Freyja trató de alejarse, obligando a su cuerpo a que se marchara, pero estaba como atado al estanque y a la fuerza magnética del ser. Abrió la boca para pronunciar las runas sagradas, pero ningún sonido escapó de sus labios. El pánico empezó a atravesarla cuando una tercera mancha roja apareció, por debajo y entre los dos ojos, y se intensificó cuando se alargó hasta adquirir las dimensiones de una boca. Una sonrisa malévola grabada en lo que parecía ser un rostro de llamas.

Tensando los músculos intentó forzar la voz para susurrar las palabras que acabarían con la visión del estanque. No sabía si el hechizo funcionaría incluso si pudiera decirlo, pero el poder de aquella entidad estaba goteando desde el estanque, reptando hacia sus aposentos, por lo que sintió la urgencia de evitar que cruzara hacia Asgard. No estaba segura de si lo estaba imaginando o no, pero le parecía como si el estanque se estuviera hinchando. Tuvo la certeza cuando vio los delgados hilillos de agua que se extendían por el borde y avanzaban hacia ella dispuestos en tonalidades cambiantes de naranja, rojo y amarillo.
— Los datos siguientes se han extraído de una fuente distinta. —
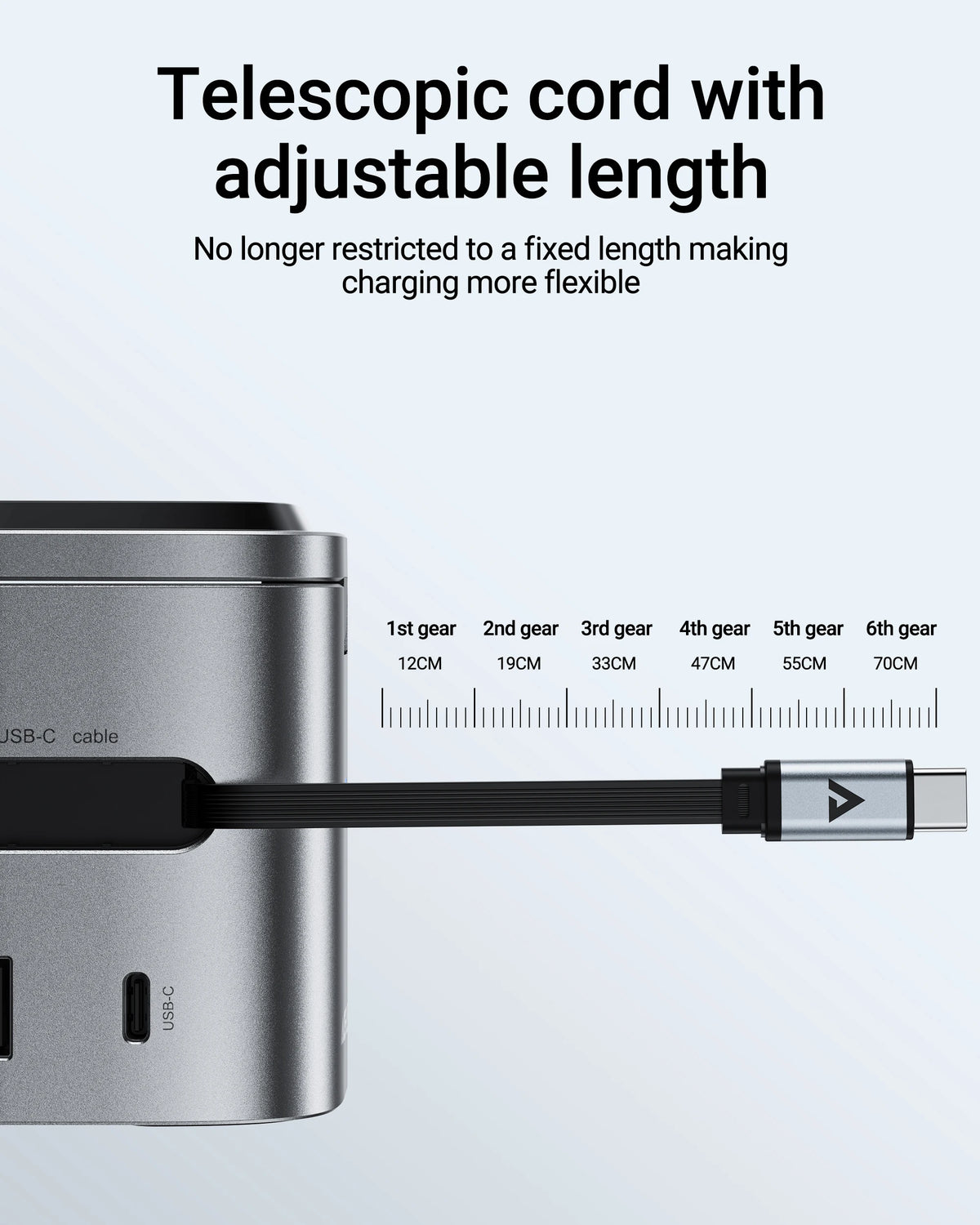 Sonicora 6-in-1 Magnetic Wireless Charging Station – 65W GaN Fast Charger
Un gemido quedo, apenas detectable pero lleno de amenaza, coincidió con el avance de las hebras de agua. El gemido creció mientras reverberaba a través de su cuerpo, dejando en su interior ecos que empezaron a agitarla, restos del sonido que la llenaron de dolor como pequeños gusanos que perforaran su carne.
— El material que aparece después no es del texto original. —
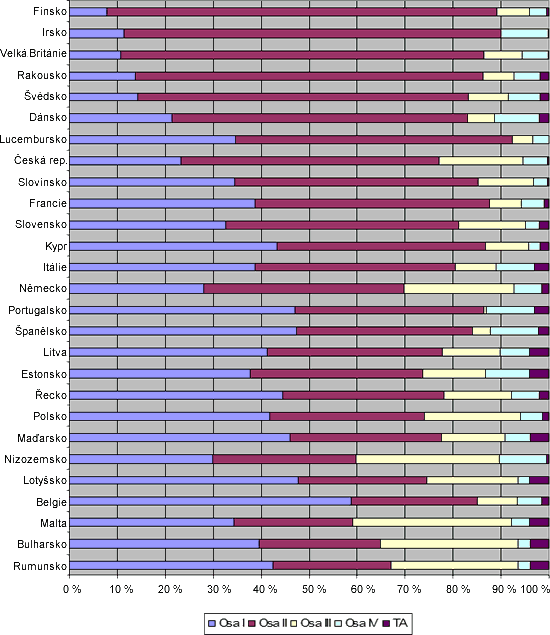 Politika rozvoje venkova v&nbsp;rámci SZP&nbsp;EU 2007–2013: relativní významnost celkových výdajů v&nbsp;dílčích osách 2.&nbsp;pilíře SZP&nbsp;EU v&nbsp;jednotlivých členských zemích EU v&nbsp;období 2007–2013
La imagen del rostro del estanque se había ido aclarando y, al hacerlo, las llamas se habían oscurecido para parecerse más a la carne. En el momento en que reconoció aquel rostro experimentó una oleada de fuerza que le permitió liberarse del cautiverio del estanque. Pronunció rápidamente las runas pues sintió aquella presencia intentando atraparla otra vez. Las hebras inquisitivas habían perdido su cohesión, y el agua, ahora libre del control del ser, se derramaba por el suelo de piedra.
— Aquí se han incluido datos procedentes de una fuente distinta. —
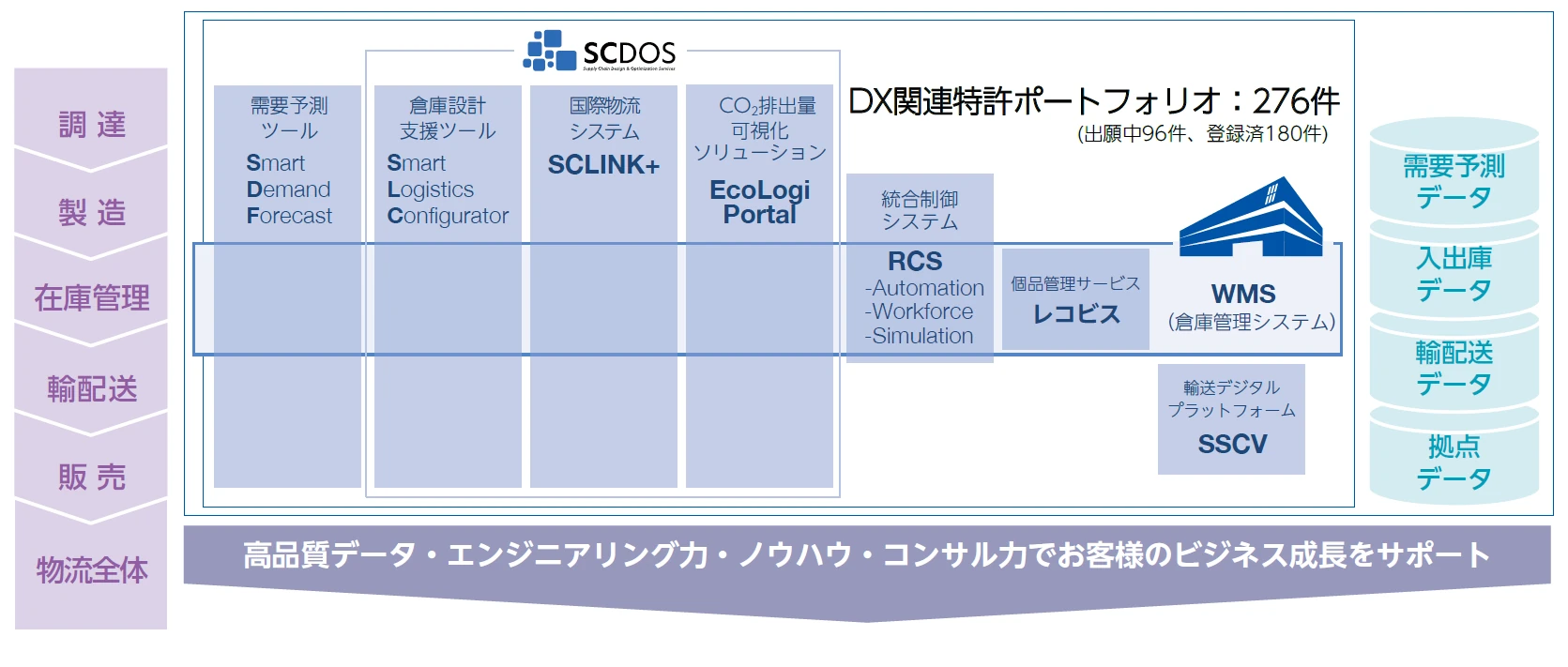 DX関連特許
Freyja se incorporó y huyó de la habitación mientras el estanque se oscurecía y las imágenes desaparecían, dejando sin embargo un residuo que mancharía cualquier imagen que le siguiera. No importaba, pues sabía que jamás usaría el estanque de nuevo, no sólo por haber albergado a una presencia maligna sino porque nunca habría otra oportunidad para ello. El tiempo era breve e incluso ahora el Ragnarok se cernía sobre ellos.

Todas las dudas sobre el final la abandonaron mientras corría por los pasillos vacíos de su fortaleza. Tenía que hablar con Odín, aunque tal vez él ya lo supiera. Pronto sería evidente para todo Asgard y después Vanaheim y Alfheim, seguidos por Midgard y sus reinos circundantes. Para cuando todos advirtieran lo que venía hacia ellos, sería demasiado tarde.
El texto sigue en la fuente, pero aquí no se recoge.